Kuhn has heard patients express great confusion about their disease. They also have struggled to easily access statistical information about other patients with similar cancer that can show how those patients fared and the treatments that were most successful, he said.

“The patients asked questions like, ‘Hey, Peter. I was diagnosed with cancer. What does research know about my cancer?’” Kuhn recalled. “I realized that I couldn’t answer that question, even though I have spent quite a bit of time in this field.”

U.S. institutions amass vast quantities of cancer data, but much of the statistical data is stale, Kuhn said. Knowing what treatments are new and available could influence health care decisions that patients make with their doctors.

Academic volunteers

CancerBase involves five students from the innovative USC Jimmy Iovine and Andre Young Academy.

Students at the academy volunteered to work with Kuhn and some cancer patients on the design of the online CancerBase to ensure that they could easily and securely share information and then receive useful data in return.

We’re trying to give patients as much knowledge and as much power as we can.

Sara Ma

“We’re trying to give patients as much knowledge and as much power as we can,” said Sara Ma, who will be a junior at the USC academy this fall.

Erica Muhl, executive director of the academy and dean of the USC Roski School of Art and Design, said CancerBase is a tremendous opportunity for the students at the Iovine and Young Academy where the interdisciplinary curriculum includes art and design, communication, engineering and technology.
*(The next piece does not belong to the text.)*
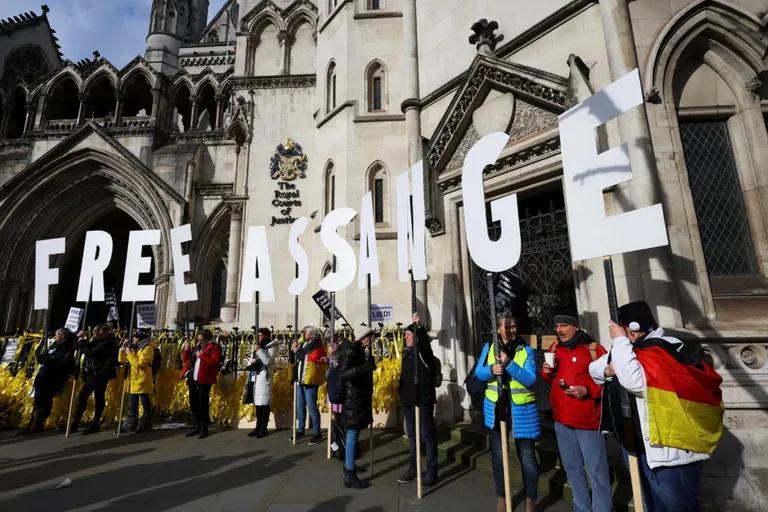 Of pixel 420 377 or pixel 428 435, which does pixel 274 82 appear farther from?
pixel 428 435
“Working on groundbreaking projects like CancerBase coincides with the academy’s mission and the diversity of the work that the students are engaged in,” Muhl said.

CancerBase evolved through discussions among researchers and patients, including AnneMarie Ciccarella, of Long Island, N.Y., who has been treated for breast cancer and who previously has worked with Kuhn.

“I had no roadmap,” said Ciccarella, who recalled that she was diagnosed 20 years after her mother’s diagnosis in 1987. “With CancerBase, now we will have a way to navigate.”